Mr McInnes said malls that have focused predominantly on luxury were particularly vulnerable as that had shown a dramatic softening.
He also expects that rents for shopkeepers will plateau or fall this year.
“Ultimately there will be a plateauing of rents as rents are a function of sales, but we don’t see a crash in rents coming,” Mr McInnes said. “We have detailed 10-year projections right now to see what the future retail scene will look like.”
Maf announced investments of Dh30 billion in the UAE in June, which are likely to be in place by the time Expo 2020 takes place in Dubai.
The group revealed plans to open 10 new City Centre malls, six hotels, 28 cinemas, 40 Carrefour supermarkets and a 740,000 square metres masterplanned community over the next 10 years, in a move that will generate about 170,000 direct and indirect jobs.
Maf said last year it planned to double in size within five years as it improves investments across the Arabian Gulf countries and Egypt.
While the oil price has stayed at about US$50, Dubai’s economy has shown resilience and begun to show signs of recovery, with house prices posting their first gains in two years in the second quarter, according to property consultant Core Savills. Economic sentiment in the UAE also ticked up slightly in July, as businesses reported an increase in new orders and output, according to the latest survey of purchasing managers by Dubai lender Emirates NBD.

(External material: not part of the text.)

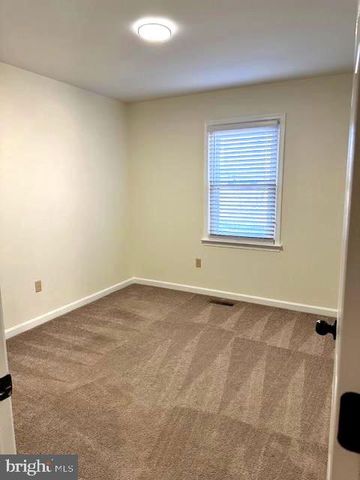 5527 SMITH STATION RD, Fredericksburg, VA 22407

This positive outlook is upheld by developer Nakheel, which announced a new Dh16 billion mall in Nad Al Sheba last week as part of the 13 million sq feet of retail space to be delivered over the next five years.
The slowdown has so far not deterred the region’s shopping mall developers, with the development of new retail space growing at a faster rate than last year, industry analysts CBRE said in May.
Dubai has 361,127 sq metres of retail space under construction, making it the most active mall-building city in the Emea region behind Moscow and Kiev, thanks to mega-projects including the Nakheel Mall and The Point on the Dubai Palm, CBRE said.
In June, Dubai was ranked by property consultancy JLL as the fourth most attractive market in the world for retailers, behind London, Hong Kong and Paris.
JLL also said Dubai already had one of the highest per-capita levels of retail space in the world, as it has developed a reputation as a shopping tourism destination.